Wanita bersurai brunette yang mati-matian mendeklarasikan kebenciannya pada seorang Theodore Alford nyatanya malah membiarkan pria itu datang mengunjungi, membuat kontradiksi hebat di antara akal sehatnya yang telah berkhianat.

Setelah bergulat hebat dengan hati dan pikirannya akan semual hal yang selama ini menghantui, Lilly mendadak memiliki keberanian untuk menghadapi Theodore dan mendengarkan apa yang ingin disampaikan oleh pria itu malam ini. Tak dapat dipungkiri, Lilly juga tidak ingin terus berlari, bertingkah hipokrit dengan menolak kehadiran seorang pria bajingan yang sialannya masih menduduki hati.

Lilly lelah. Dia ingin menghadapi realita.

Denting jam terus brgerak meninggalkan garis waktu saat Lilly bungkam di ambang pintu, pun dengan Theodore yang sejak tadi berdiri tanpa sempat menyapa lebih dulu.

"Silakan masuk." Kalimat pertama yang diucapkan Lilly akhirnya terlontar keluar. Theodore mengangguk dan lantas berjalan masuk, mendaratkan bokongnya di atas sofa empuk ruang tamu.

"Ingin minum sesuatu?" Lagi, pertanyaan bernada canggung keluar dari dalam mulut Lilly. Theodore melirik sejenak. Ingin rasanya dia mengatakan bahwa dia tidak menginginkan apa-apa selain melihat wanita itu tersenyum padanya. Namun Theo menepis semua pemikirannya dengan sebuah  anggukan pasti.

"Teh hijau saja, jika tidak keberatan," jawab Theo tampak ragu-ragu. Tanpa banyak kata, Lilly segera melangkahkan kakinya menuju pantry, membuat dua gelas teh hijau tanpa gula.

Dari tempatnya duduk, manik abu kebiruan Theo dapat melihat dengan jelas bagaimana tubuh Lilly bergerak ke sana kemari, mencari benda-benda yang ia butuhkan dengan cekatan. Jika ditanya apa yang sebenarnya ingin dia lakukan, maka jawabannya adalah, Theo ingin bernegosiasi dengan Lilly, sekali lagi.
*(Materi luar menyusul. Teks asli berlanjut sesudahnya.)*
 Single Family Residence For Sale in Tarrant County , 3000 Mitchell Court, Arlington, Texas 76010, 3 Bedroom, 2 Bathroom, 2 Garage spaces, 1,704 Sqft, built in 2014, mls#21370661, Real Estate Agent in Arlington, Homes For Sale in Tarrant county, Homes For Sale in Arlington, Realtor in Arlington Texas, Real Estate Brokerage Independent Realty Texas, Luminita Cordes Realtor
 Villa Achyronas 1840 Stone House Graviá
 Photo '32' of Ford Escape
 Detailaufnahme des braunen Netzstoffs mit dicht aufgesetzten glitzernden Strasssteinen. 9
Ucapan Alana beberapa saat yang lalu, rupanya berhasil mempengaruhi pikiran Theo untuk kembali melakukan rekonsiliasi bagi hubungannya yang sudah hancur.
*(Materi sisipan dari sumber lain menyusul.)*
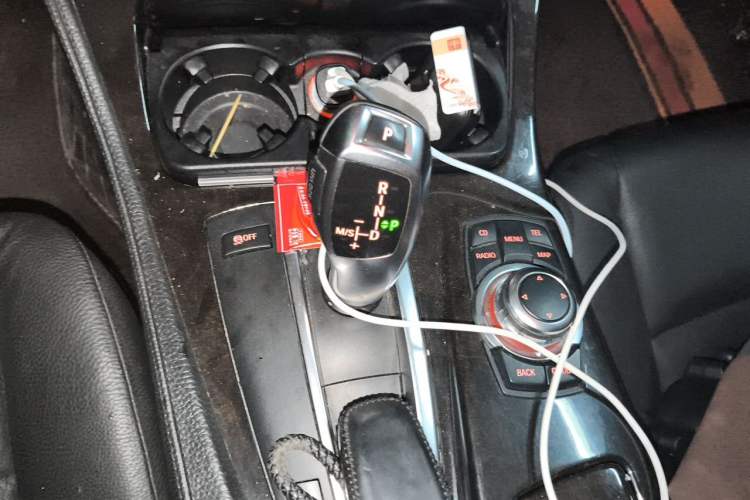 Used BMW 5 Series 2011 523Li Luxury Model Gear Lever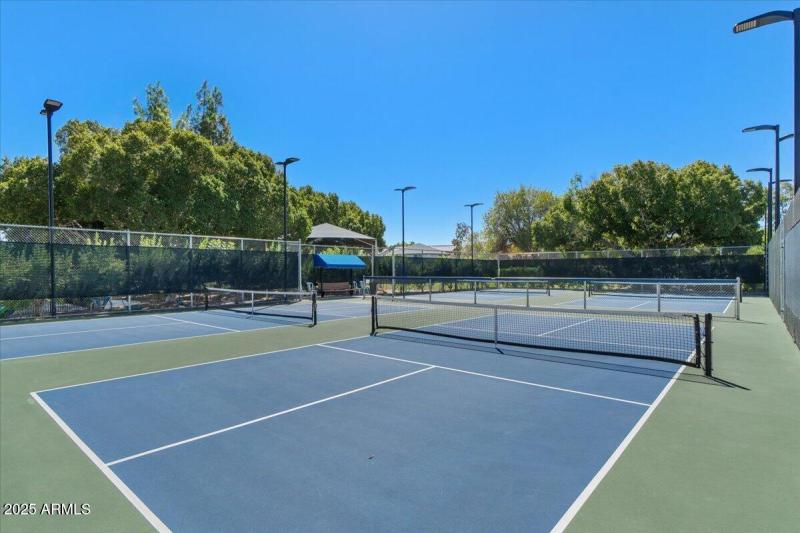 38-Community tennis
Fragmen masa lalu yang tiap detik datang menghantui, seakan memberi Theo tanda jika dia harus berjuang keras untuk yang terakhir kali.  Mencoba meredusir segala sesuatu yang rumit, Theodore ingin mengenyampingkan rasa penyesalannya malam ini.

Dia ingin menegaskan kepada Lilly jika kini dia telah berubah. Dia bukan lagi seorang Theodore Alford yang tidak bisa memahami keinginan hatinya. Dia ingin Lilly mengetahui, seberapa besar cintanya pada wanita itu. Dia ingin Lilly mengetahui bahwa penyesalan telah membawanya pada titik nadir yang menghancurkan hati.
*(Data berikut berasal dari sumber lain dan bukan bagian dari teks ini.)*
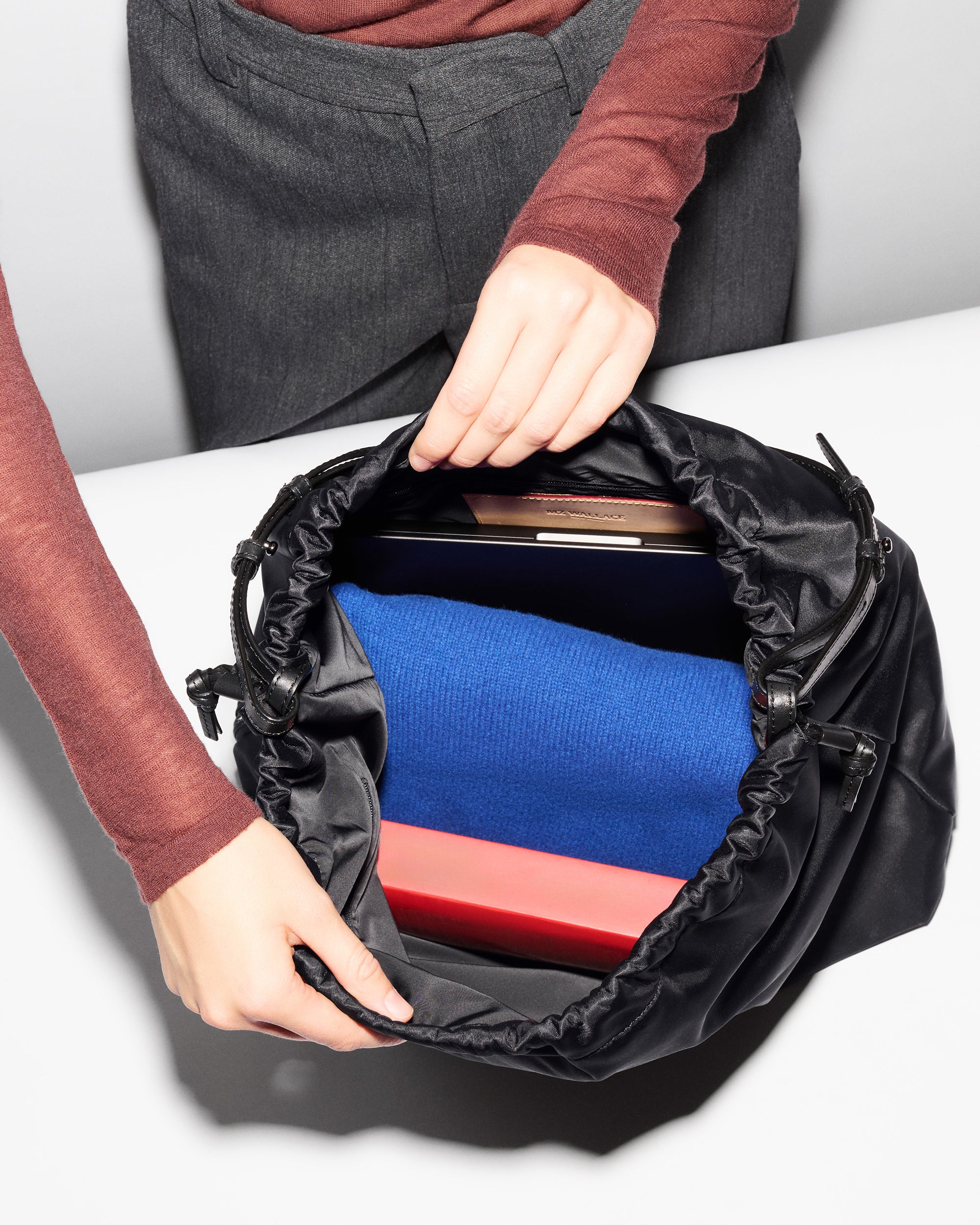 Black Waverly Shoulder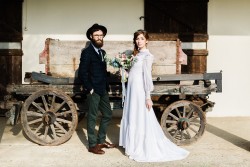 Vintage Boho Wedding Ideas // Photography ~ Lisa Digliglio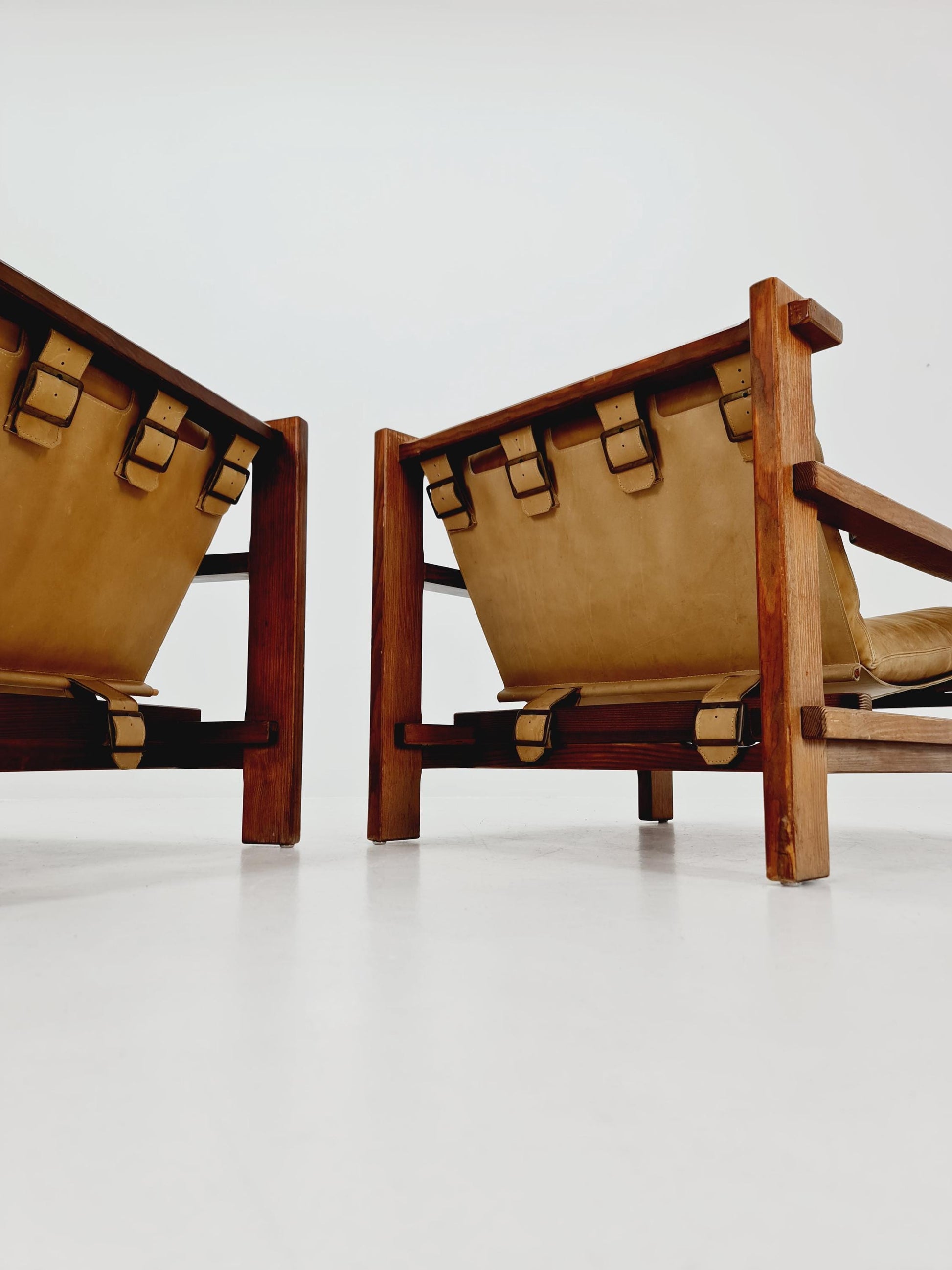 mid century armchairs Set with coffe table in leather and wood By Carl Straub Germany , 1960s
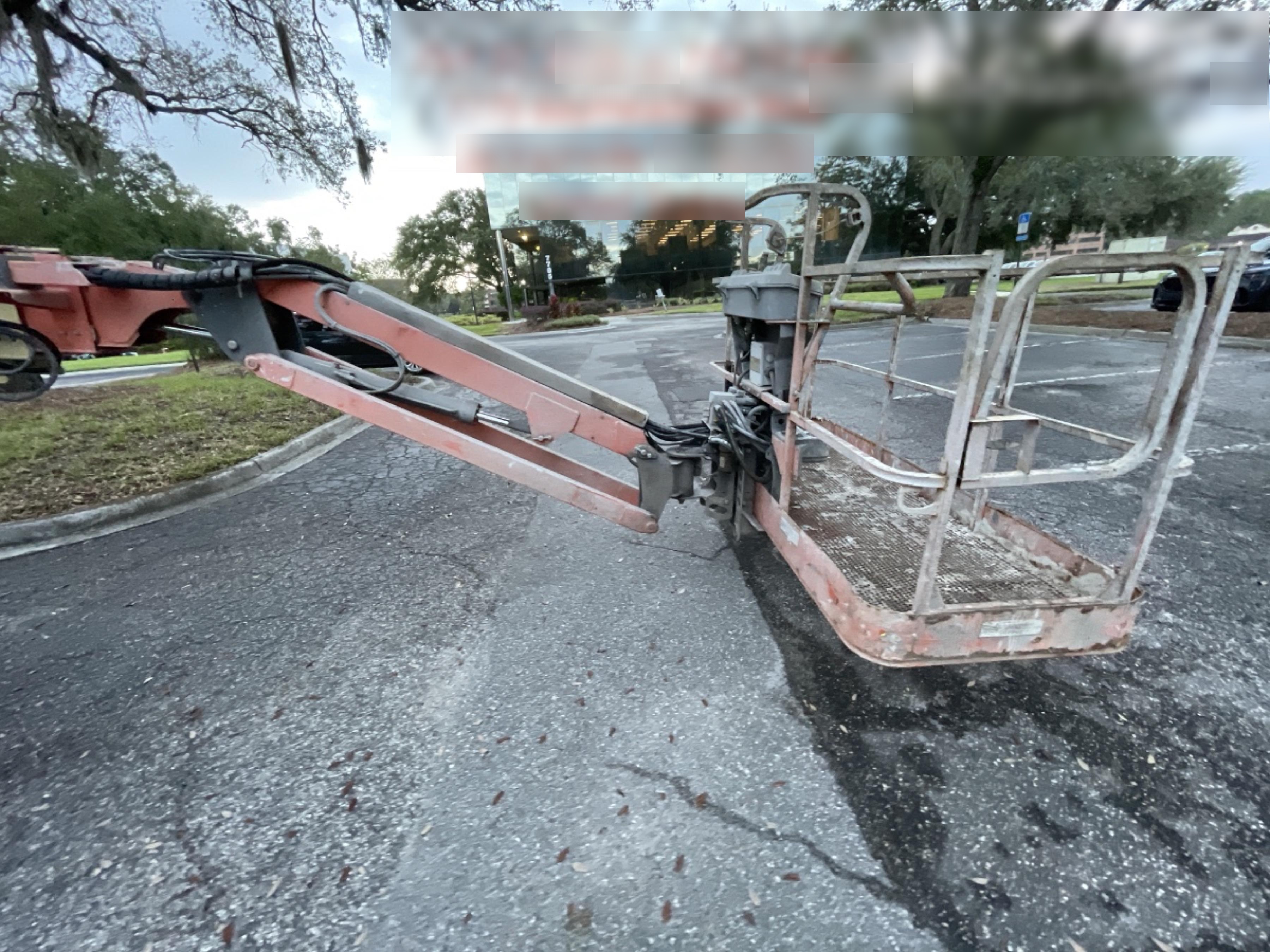 2020 JLG 660SJ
Sial! Theo menginginkan sebuah lembaran baru yang lebih baik. Lembaran baru yang berisi kisah mereka—kisahnya dan Lilly. Dan bukan bersama orang lain.

"Silakan." Suara Lilly membuyarkan Theo dari lamunan singkatnya akan niat utama datang ke tempat ini. Lilly yang baru saja kembali setelah membuat teh pun juga ikut mendudukkan diri di sofa ruang tamu. Kini ia tengah berusaha menatap Theo dengan tanpa kilat kebencian.

"Terima kasih," ujar Theo yang kemudian mengamit mug putih yang tersaji di atas meja. Begitu teh hijau mendarat di indera perasanya, mata Theodore seketika menampilkan keterkejutan yang tersirat. Gelenyar hangat pun masuk ke kerongkongan Theodore, mengantarkan kehangatan di antara tubuhnya. Namun, bukan perkara itu yang membuat Theodore membatu. Rasa hambar dari teh yang dibuat oleh Lilly mengingatkan Theo akan sesuatu.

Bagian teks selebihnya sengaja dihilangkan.